|On the 5 November, 2009, at 00:30 in the morning the European Parliament (EP) and the Council reached a final agreement on Amendment 138 of the new European Telecom bill.
According to EDRI sources in Brussels, the adopted text on the Amendment 138 topic becomes point 3a of article 1 and reads as follows:
“Article 1. 3a. Measures taken by Member States regarding end-users’ access to or use of services and applications through electronic communications networks shall respect the fundamental rights and freedoms of natural persons, as guaranteed by the European Convention for the Protection of Human Rights and Fundamental Freedoms and general principles of Community law.

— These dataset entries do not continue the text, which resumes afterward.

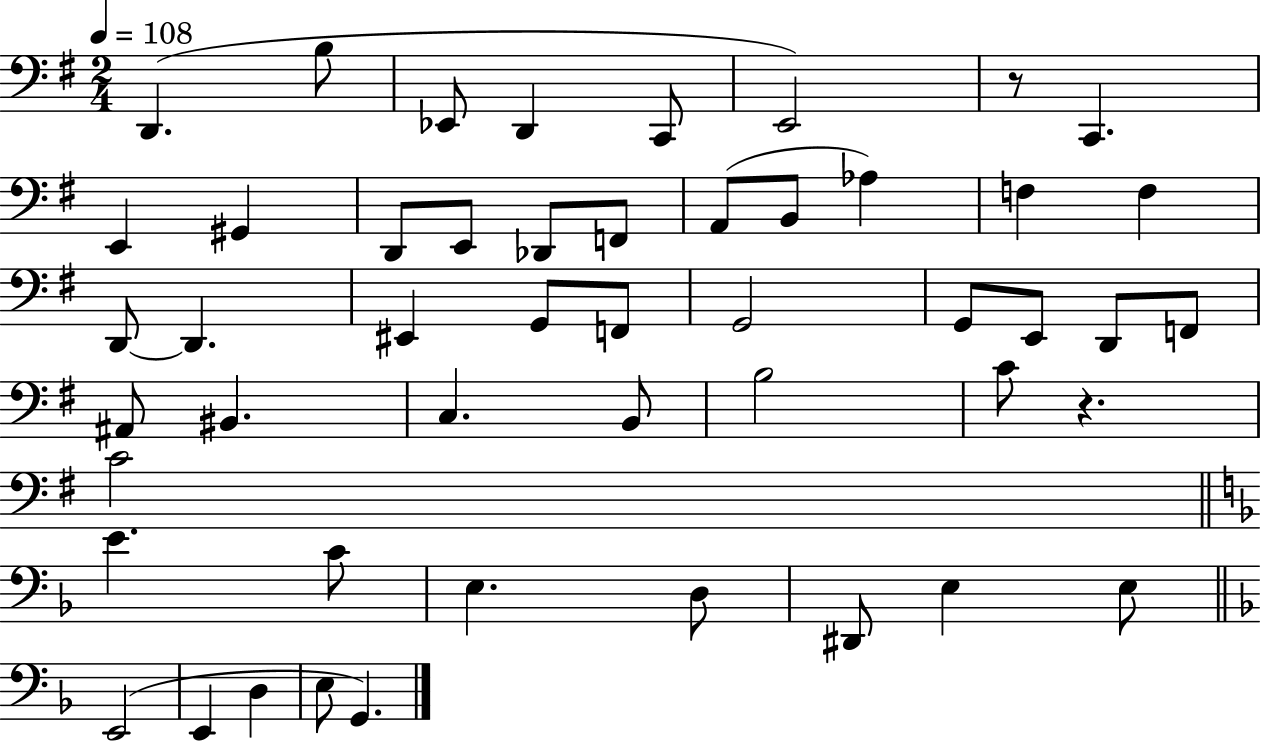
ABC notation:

X:1
T:Untitled
M:2/4
L:1/4
K:G
D,, B,/2 _E,,/2 D,, C,,/2 E,,2 z/2 C,, E,, ^G,, D,,/2 E,,/2 _D,,/2 F,,/2 A,,/2 B,,/2 _A, F, F, D,,/2 D,, ^E,, G,,/2 F,,/2 G,,2 G,,/2 E,,/2 D,,/2 F,,/2 ^A,,/2 ^B,, C, B,,/2 B,2 C/2 z C2 E C/2 E, D,/2 ^D,,/2 E, E,/2 E,,2 E,, D, E,/2 G,,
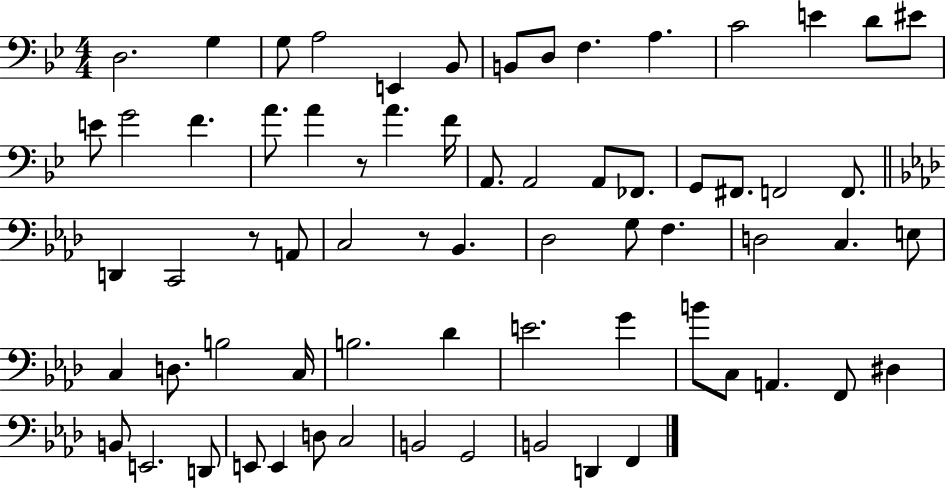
X:1
T:Untitled
M:4/4
L:1/4
K:Bb
D,2 G, G,/2 A,2 E,, _B,,/2 B,,/2 D,/2 F, A, C2 E D/2 ^E/2 E/2 G2 F A/2 A z/2 A F/4 A,,/2 A,,2 A,,/2 _F,,/2 G,,/2 ^F,,/2 F,,2 F,,/2 D,, C,,2 z/2 A,,/2 C,2 z/2 _B,, _D,2 G,/2 F, D,2 C, E,/2 C, D,/2 B,2 C,/4 B,2 _D E2 G B/2 C,/2 A,, F,,/2 ^D, B,,/2 E,,2 D,,/2 E,,/2 E,, D,/2 C,2 B,,2 G,,2 B,,2 D,, F,,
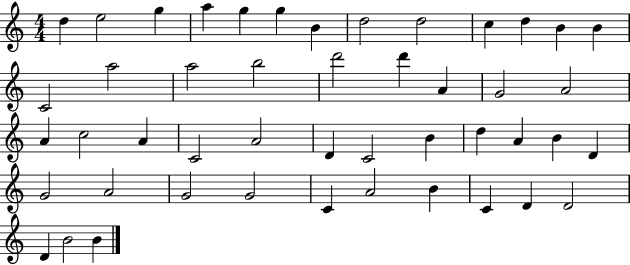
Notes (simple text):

D5/q E5/h G5/q A5/q G5/q G5/q B4/q D5/h D5/h C5/q D5/q B4/q B4/q C4/h A5/h A5/h B5/h D6/h D6/q A4/q G4/h A4/h A4/q C5/h A4/q C4/h A4/h D4/q C4/h B4/q D5/q A4/q B4/q D4/q G4/h A4/h G4/h G4/h C4/q A4/h B4/q C4/q D4/q D4/h D4/q B4/h B4/q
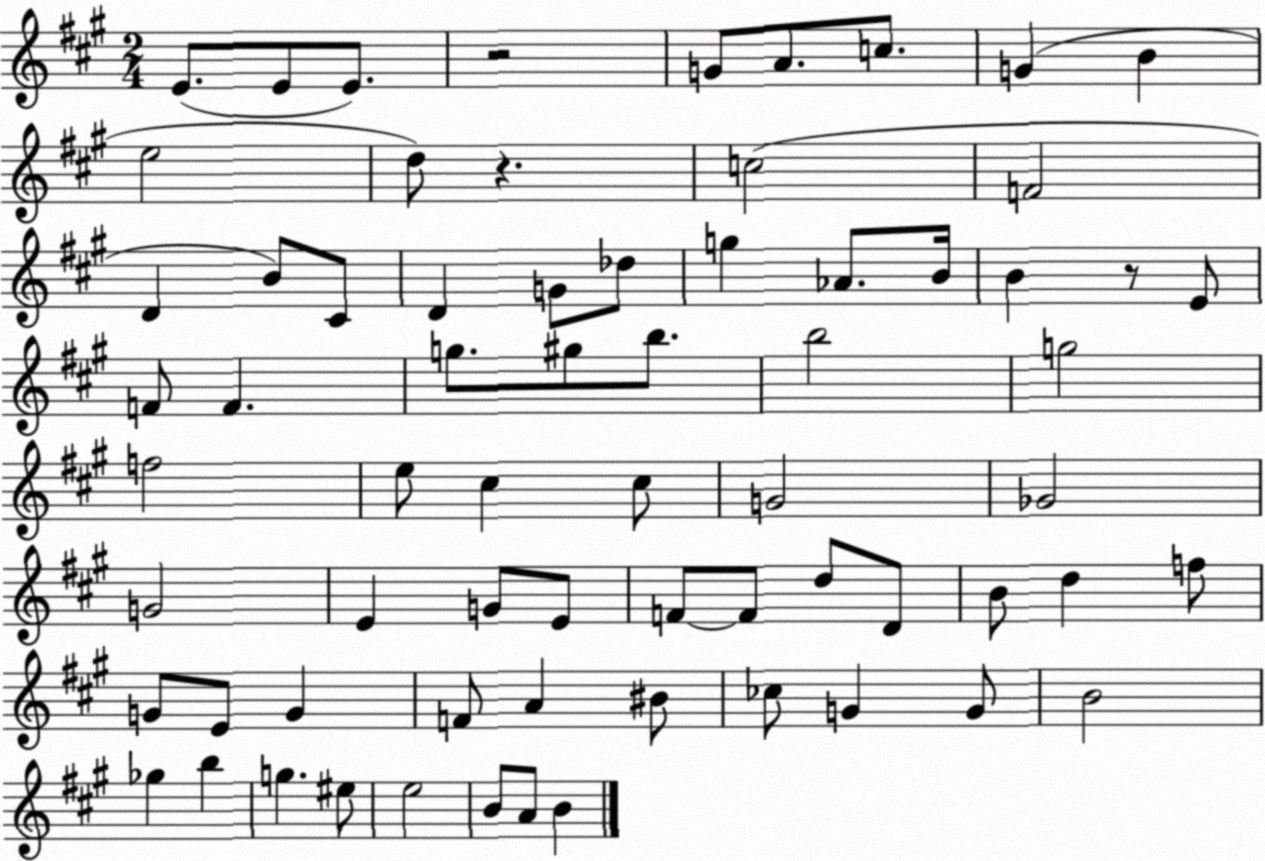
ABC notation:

X:1
T:Untitled
M:2/4
L:1/4
K:A
E/2 E/2 E/2 z2 G/2 A/2 c/2 G B e2 d/2 z c2 F2 D B/2 ^C/2 D G/2 _d/2 g _A/2 B/4 B z/2 E/2 F/2 F g/2 ^g/2 b/2 b2 g2 f2 e/2 ^c ^c/2 G2 _G2 G2 E G/2 E/2 F/2 F/2 d/2 D/2 B/2 d f/2 G/2 E/2 G F/2 A ^B/2 _c/2 G G/2 B2 _g b g ^e/2 e2 B/2 A/2 B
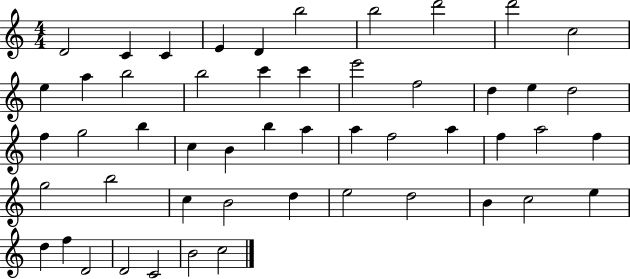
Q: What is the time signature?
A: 4/4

Any of these measures regarding end-users’ access to or use of service and applications through electronic communications networks liable to restrict those fundamental rights or freedoms may only be imposed if they are appropriate, proportionate and necessary within a democratic society, and their implementation shall be subject to adequate procedural safeguards in conformity with the European Convention for the Protection of Human Rights and Fundamental Freedoms and with general principles of Community law,including effective judicial protection and due process. Accordingly, these measures may only be taken with due respect for the principle of presumption of innocence and the right to privacy. A prior fair and impartial procedure shall be guaranteed, including the right to be heard of the person of persons concerned, subject to the need for appropriate conditions and procedural arrangements in duly substantiated cases of urgency in conformity with European Convention for the Protection of Human Rights and Fundamental Freedoms. The right to an effective and timely judicial review shall be guaranteed.”
By coincidence, this happens to be in full accordance with the principles of Privacy First.